I am rather fond of films in which nothing much happens. Police, Adjective, by Romanian director Corneliu Porumboiu is such a film. In it the main protagonist, a policeman by the name of Cristi, spends most of his days alone, outside in the cold, desolate urban Romanian landscape, following suspects and attempting to be inconspicuous. The case he is on concerns a teenager suspected of supplying hashish to his school friends, a petty crime, but one which carries a potential prison sentence of seven years. Cristi is troubled by his conscience. He sees his target as just a kid who smokes a bit of pot, who poses no harm to society, but Cristi's superiors want the teenager arrested.

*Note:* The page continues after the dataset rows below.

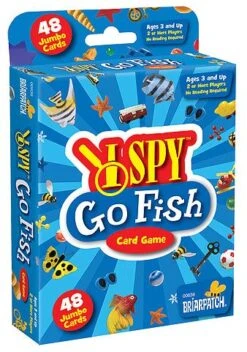 I Spy Card Games Bundle – I Spy Match! + I Spy Snap! + I Spy Go Fish! – Bundle Of 3 Games -Folkmanis Toys Shop 51gOBmtJ03L
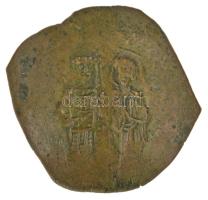 Bizánci Birodalom / Konstantinápoly / Ióannész II Komnénosz (II. János) 1118-1143. Billon Trachy (2,...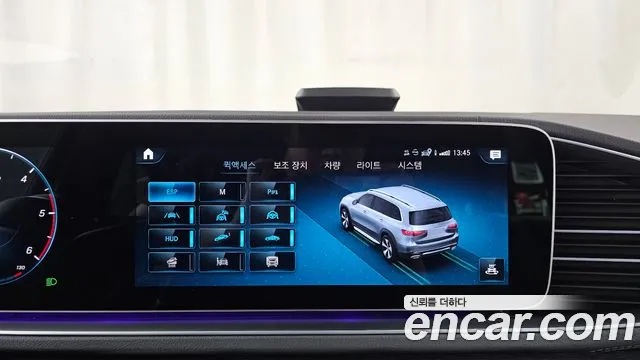 Mercedes-Benz GLS-Class — Фото автомобиля 17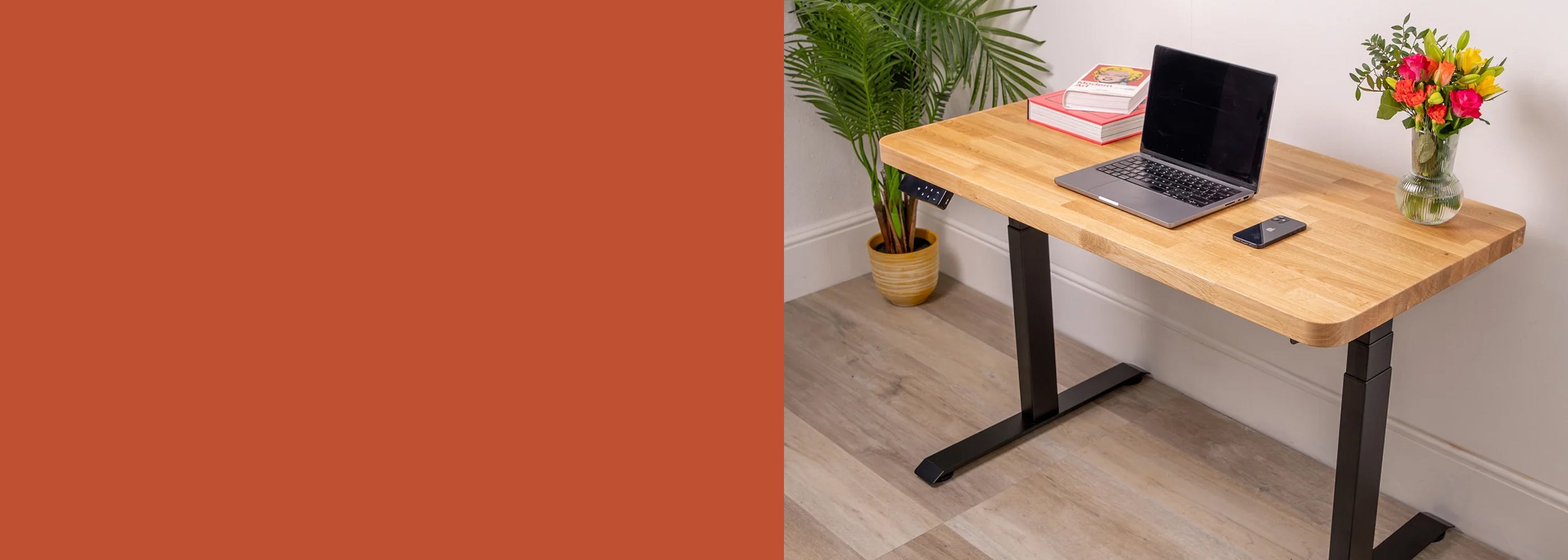 Sleva 20 % na všechny výškově nastavitelné stoly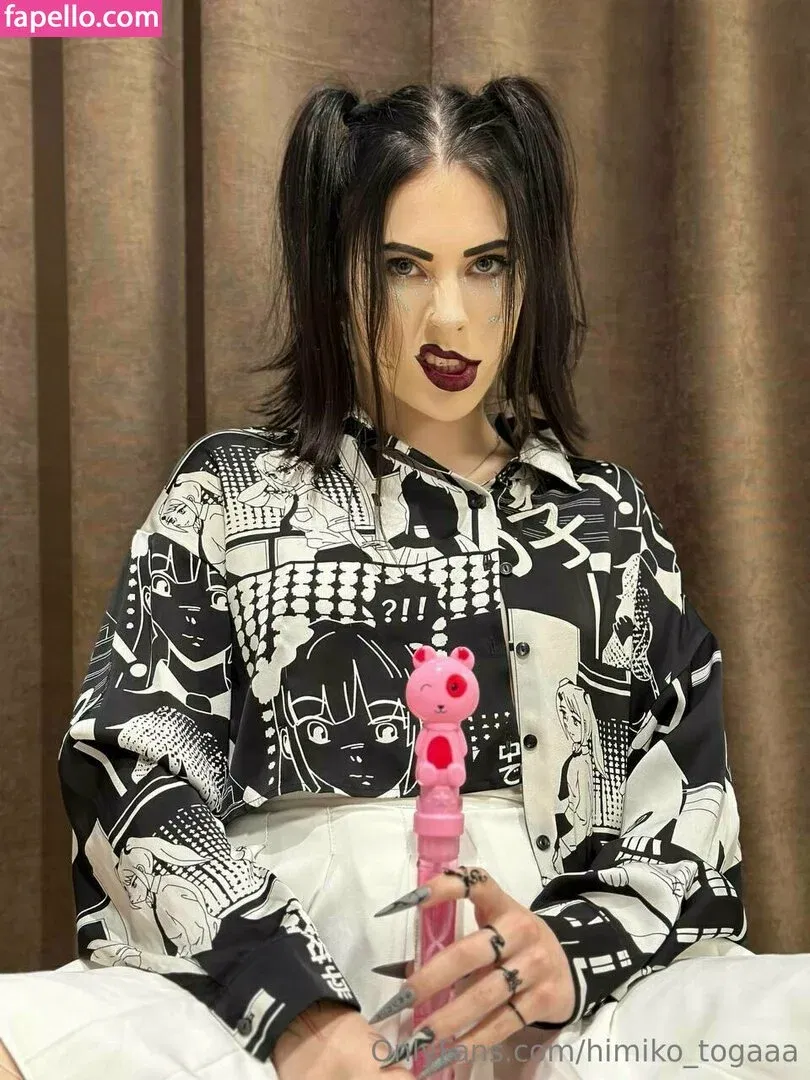 himiko_togaaa Onlyfans Photo Gallery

The majority of the film shows Cristi in silence pursuing his victim along city streets a discreet distance behind, hands in pockets, head hunched, long grey shots where nothing much happens. When he is not walking Cristi is standing outside buildings, smoking cigarettes, waiting for his target to emerge. We discover his character through his movement and body language. Other scenes show the drudgery of the Police offices, meetings Cristi tries to avoid, paperwork and bureaucracy he can't avoid. It would be tempting to describe Police, Adjective as Kafkaesque, because it deals with bureaucracy, but that would be too easy. This is not as sinister as Kafka, merely bored people going about their daily routines, keeping busy with meaningless tasks because that is what they have to do to earn a living.
Our hero attempts to delay the inevitable sting operation by trying to prove the kid is not the supplier, it’s his older brother, who is out of the country at the moment, and they should await the brother’s return before acting, but in a crucial and brilliant penultimate scene where Cristi faces his Captain and his conscience we learn through a Romanian dictionary the meanings of the words ‘conscience’, ‘law’, ‘moral’ and ‘police’, and Cristi is finally convinced he has no choice but to carry out the sting. Police, Adjective is a beautifully shot, superbly paced study of absurdity and bureaucracy and the traps in which we all allow ourselves to be placed within our ordinary everyday existence.